After wrapping up a Q&A session at a public conference where I presented on the topic of Islam and Christian-Muslim relations to a largely evangelical Christian audience, an older man who was sitting in the back approached me at the podium.
Rather nonchalantly, he asked, “You do know that the Constitution wasn’t written for Muslims, right?”
As we talked, he elaborated on his opinion that the concept of religious freedom does not apply to Islam and Muslims because, he said matter-of-factly, “Islam is not a religion.” At the time, it seemed to me a fringe theory cooked up in the dark corners of the internet or in 6am greasy-spoon breakfast meet-ups.
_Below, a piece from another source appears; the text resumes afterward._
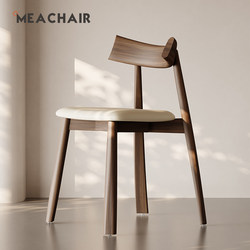 Solid Wood Dining Chair with a High-End Feel, Walnut Wood, Italian-Style Dining Table Chair, Nordic Backrest Chair, Dining Chair with a Vintage Style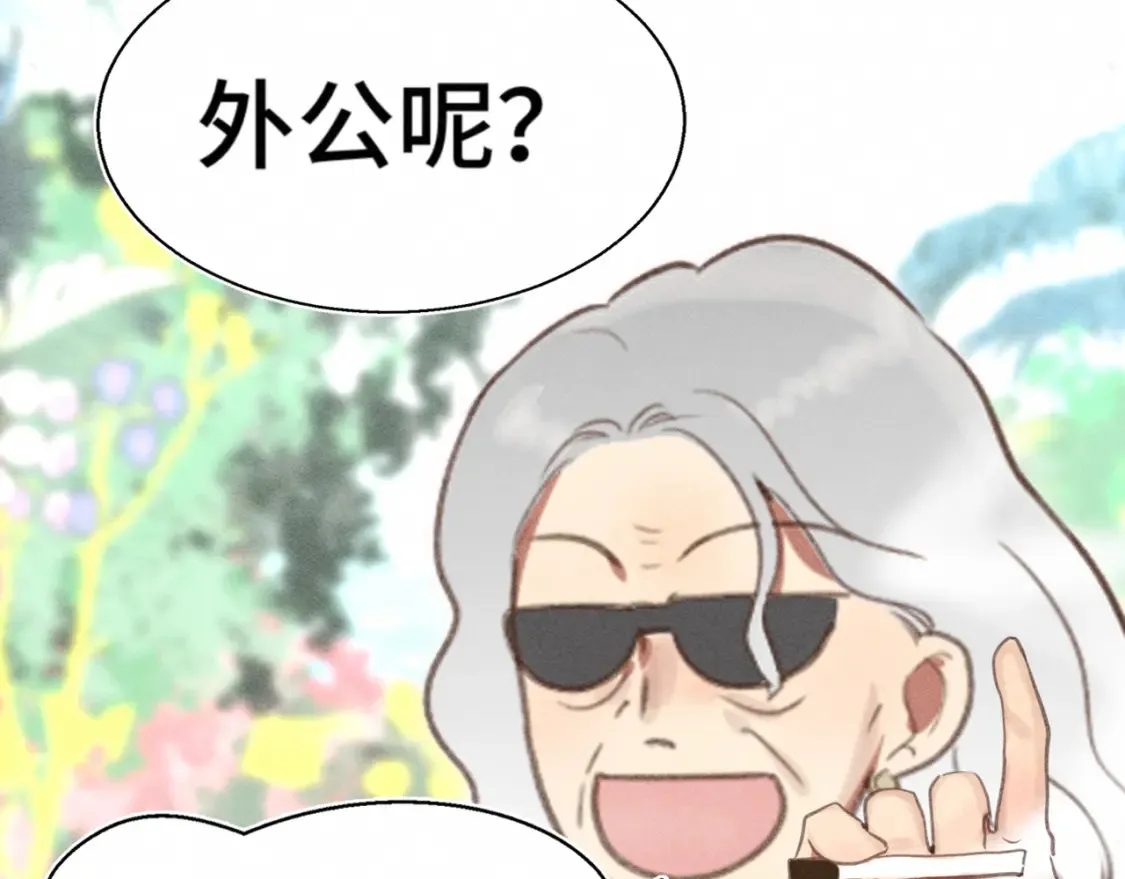 无法和女生成为朋友壁纸漫画,第123话白月光的杀伤力1图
In short, I could not really believe — given my own biases — that people could actually think that the First Amendment and its promise of religious freedom did not extend to Islam and Muslims in the U.S.
However, far from fringe political theory or radical cultural posturing, this view has found its way into legal briefs, court cases, and political contexts in recent years. In fact, these legal and political perspectives are the fodder for Asma Uddin’s new book When Islam Is Not a Religion: Inside America’s Fight for Religious Freedom.
In this work, Uddin points out that many Americans insist that the religious liberty they so quickly claim for Christianity or Judaism (or other religions beyond the nation’s so-called “Judeo-Christian” heritage) does not extend to Islam and Muslims in the U.S.